You are viewing a plain text version of this content. The canonical link for it is here.
Posted to user@flink.apache.org by qi luo <lu...@gmail.com> on 2019/05/07 09:09:06 UTC

Re: TM occasionally hang in deploying state in Flink 1.5

Thanks Dawid, I’ve created an issue for this https://jira.apache.org/jira/browse/FLINK-12426 <https://jira.apache.org/jira/browse/FLINK-12426>. Though we’re using 1.5 but this may affect later versions.

I’m still investigating the root case but no result yet. This happens occasionally and isn't easy to reproduce.

> On Apr 25, 2019, at 6:40 PM, Dawid Wysakowicz <dw...@apache.org> wrote:
> 
> Hi,
> 
> Feel free to open a JIRA for this issue. By the way have you investigated what is the root cause for it hanging?
> 
> Best,
> 
> Dawid
> 
> On 25/04/2019 08:55, qi luo wrote:
>> Hello,
>> 
>> This issue occurred again and we dumped the TM thread. It indeed hung on socket read to download jar from Blob server:
>> 
>> "DataSource (at createInput(ExecutionEnvironment.java:548) (our.code)) (1999/2000)" #72 prio=5 os_prio=0 tid=0x00007fb9a1521000 nid=0xa0994 runnable [0x00007fb97cfbf000]
>>    java.lang.Thread.State: RUNNABLE
>>         at java.net.SocketInputStream.socketRead0(Native Method)
>>         at java.net.SocketInputStream.socketRead(SocketInputStream.java:116)
>>         at java.net.SocketInputStream.read(SocketInputStream.java:171)
>>         at java.net.SocketInputStream.read(SocketInputStream.java:141)
>>         at org.apache.flink.runtime.blob.BlobInputStream.read(BlobInputStream.java:152)
>>         at org.apache.flink.runtime.blob.BlobInputStream.read(BlobInputStream.java:140)
>>         at org.apache.flink.runtime.blob.BlobClient.downloadFromBlobServer(BlobClient.java:170)
>>         at org.apache.flink.runtime.blob.AbstractBlobCache.getFileInternal(AbstractBlobCache.java:181)
>>         at org.apache.flink.runtime.blob.PermanentBlobCache.getFile(PermanentBlobCache.java:206)
>>         at org.apache.flink.runtime.execution.librarycache.BlobLibraryCacheManager.registerTask(BlobLibraryCacheManager.java:120)
>>         - locked <0x000000078ab60ba8> (a java.lang.Object)
>>         at org.apache.flink.runtime.taskmanager.Task.createUserCodeClassloader(Task.java:893)
>>         at org.apache.flink.runtime.taskmanager.Task.run(Task.java:585)
>>         at java.lang.Thread.run(Thread.java:748)
>> 
>> I checked the latest master code.

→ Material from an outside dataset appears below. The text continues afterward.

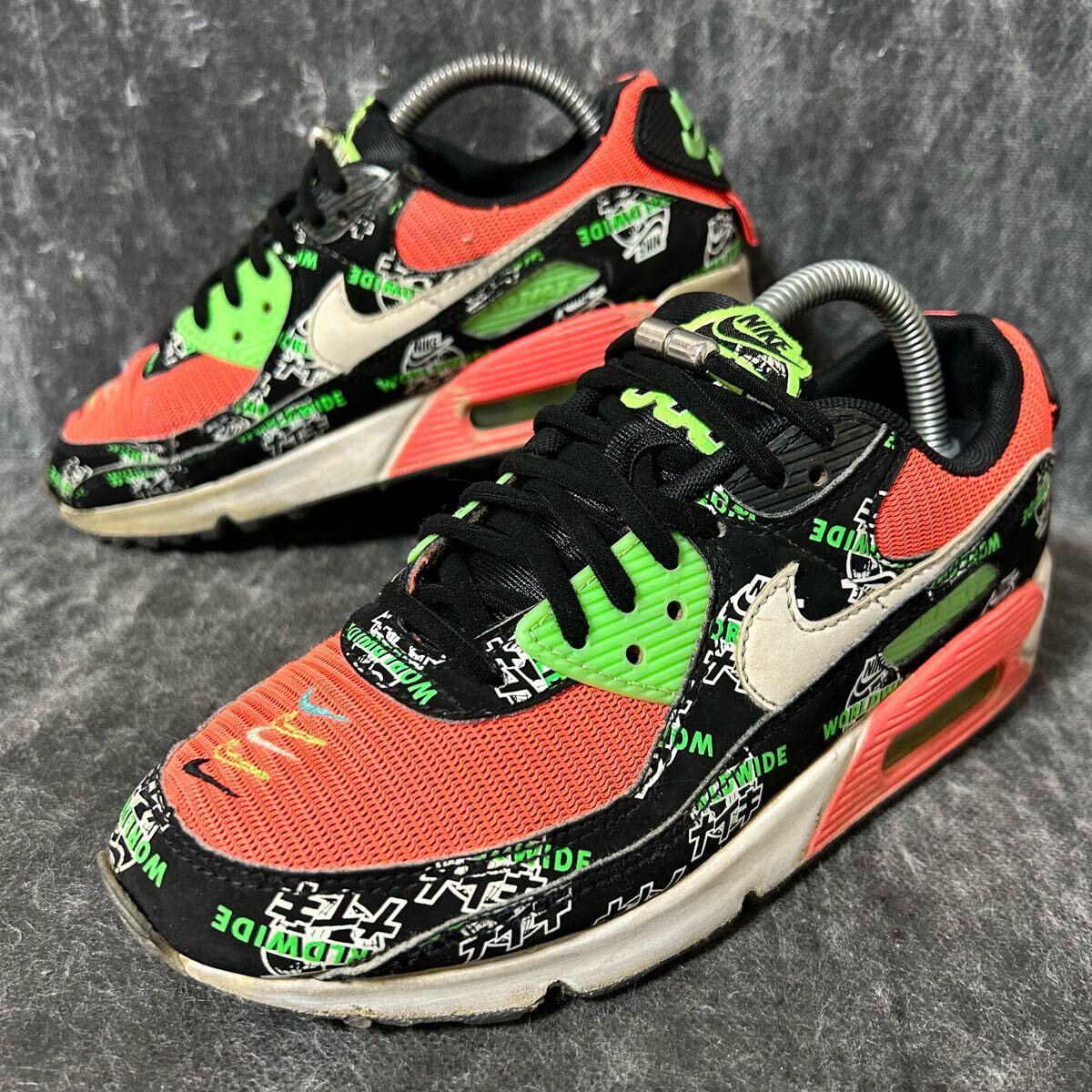 楽天市場】NIKE AIR MAX 90 GS wolf grey/black-bright crimson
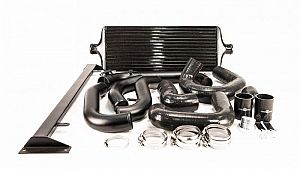 Process West Front Mount Intercooler Kit for Subaru 08-14 GRB WRX-Black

There’s still no socket timeout in Blob client. Should I create an issue to add this timeout?
>> 
>> Regards,
>> Qi 
>> 
>>> On Apr 19, 2019, at 7:49 PM, qi luo <luoqi.bd@gmail.com <ma...@gmail.com>> wrote:
>>> 
>>> Hi all,
>>> 
>>> We use Flink 1.5 batch and start thousands of jobs per day. Occasionally we observed some stuck jobs, due to some TM hang in “DEPLOYING” state. 
>>> 
>>> On checking TM log, it shows that it stuck in downloading jars in BlobClient:
>>> 
>>> ————
>>> ...
>>> INFO  org.apache.flink.runtime.taskexecutor.TaskExecutor       - Received task DataSource (at createInput(ExecutionEnvironment.java:548) (our.code)) (184/2000).
>>> INFO  org.apache.flink.runtime.taskmanager.Task                     - DataSource (at createInput(ExecutionEnvironment.java:548) (our.code)) (184/2000) switched from CREATED to DEPLOYING.
>>> INFO  org.apache.flink.runtime.taskmanager.Task                     - Creating FileSystem stream leak safety net for task DataSource (at createInput(ExecutionEnvironment.java:548) (our.code)) (184/2000) [DEPLOYING]
>>> INFO  org.apache.flink.runtime.taskmanager.Task                     - Loading JAR files for task DataSource (at createInput(ExecutionEnvironment.java:548) (our.code)) (184/2000) [DEPLOYING].
>>> INFO  org.apache.flink.runtime.blob.BlobClient                          - Downloading 19e65c0caa41f264f9ffe4ca2a48a434/p-3ecd6341bf97d5512b14c93f6c9f51f682b6db26-37d5e69d156ee00a924c1ebff0c0d280 from some-host-ip-port
>>> 
>>> no more logs...
>>> ————
>>> 
>>> It seems that the TM is calling BlobClient to download jars from JM/BlobServer. Under hood it’s calling Socket.connect() and then Socket.read() to retrieve results. 
>>> 
>>> Should we add timeout in socket operations in BlobClient to resolve this issue?
>>> 
>>> Thanks,
>>> Qi
>>